Skip to: Description  ·  Claims  · Patent History  ·  Patent History
Description
FIELD

The present invention relates to audio enhancement with particular application to voice control of electronic devices.

BACKGROUND

Increasing the signal to noise ratio (SNR) of audio systems is generally motivated by a desire to increase the speech intelligibility in a noisy environment, for purposes of voice communications and machine-control via automatic speech recognition.

A common system to increase SNR is using directional enhancement systems, such as the “beam-forming” systems. Beamforming or “spatial filtering” is a signal processing technique used in sensor arrays for directional signal transmission or reception. This is achieved by combining elements in a phased array in such a way that signals at particular angles experience constructive interference while others experience destructive interference.

The improvement compared with omnidirectional reception is known as the receive gain. For beamforming applications with multiple microphones, the receive gain, measured as an improvement in SNR, is about 3 dB for every additional microphone, i.e. 3 dB improvement for 2 microphones, 6 dB for 3 micro-phones etc. This improvement occurs only at sound frequencies where the wavelength is above the spacing of the microphones.

The beamforming approaches are directed to arrays where the microphones are spaced wide with respect to one another. There is also a need for a method and device for directional enhancement of sound using small microphone arrays and to determine a source direction for beam former steering.

A new method is presented to determine a sound source direction relative to a small microphone array of at least and typically 4 closely spaced microphones, which improves on larger systems and systems that only work in a 2 D plane.

BRIEF DESCRIPTION OF THE DRAWINGS

FIG. 1 illustrates an acoustic sensor in accordance with an exemplary embodiment;

FIG. 2 illustrates a schematic configuration of the microphone system showing the notation used for 4 microphones A, B, C, D with edges AB, AC, AD, BC and CD.

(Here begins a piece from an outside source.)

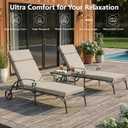 72 x 21 Inch Outdoor Chaise Lounge Cushions Set of 2 - Removable Cover, 4-Section Design, Water-Repellent & Fade-Resistant, 6 Tie Straps, Replacement for Patio & Pool Chairs - Cream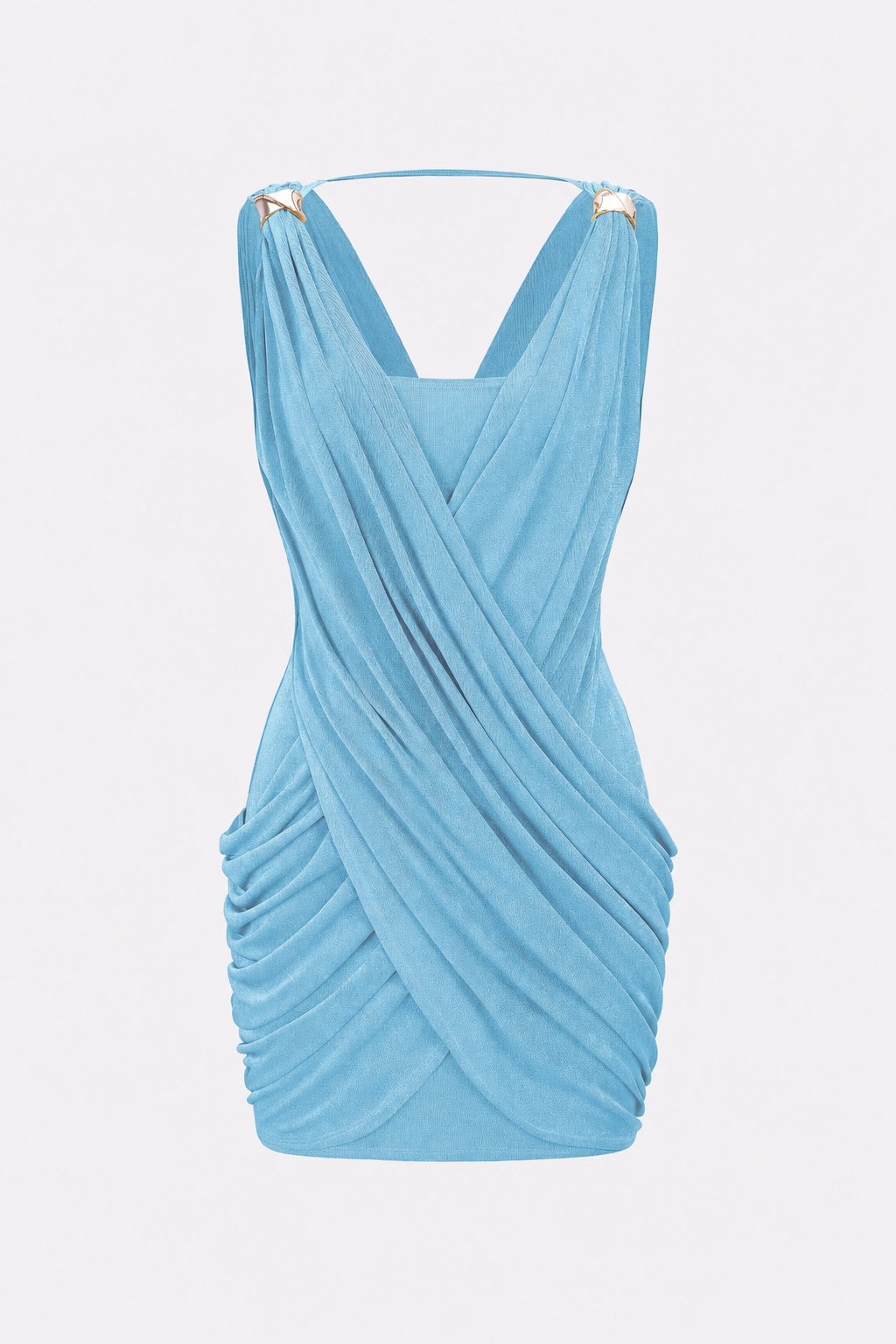 Ruched jersey mini dress with crossover V-neck - view 10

FIG. 3 is an overview of calculating an inter-microphone coherence and using this to determine source activity status and/or the source direction.

FIG. 4A illustrates a method for determining a edge status value for a micro-phone pair XY.

FIG. 4B illustrates a schematic overview to determine source direction from the 6 edge status values. The mathematical process is described in FIG. 4C and FIG. 4D.

FIG. 4C illustrates a method to determine a set of weighted edge vectors for the preferred invention configuration of FIG. 2, given 6 edge status value weights w1, w2, w3, w4, w5, w6 (where w1 is STATUS_AB, w2 is STATUS_AC, w3 is STATUS_AD, w4 is STATUS_BC, w5 is STATUS_BD, w6 is STATUS_CD) and 6 edge vectors AB, AC, AD, BC, BD, CD. For the sake of brevity, we only show the multiplication of two weights and two vectors.

FIG. 4D illustrates a method for determining a sound source direction given the weighted edge vectors determined via the method in FIG. 4C.

FIG. 5 illustrates a method for determining a sound source or voice activity status.

FIG. 6 illustrates a configuration of the present invention used with a phased-array microphone beam-former.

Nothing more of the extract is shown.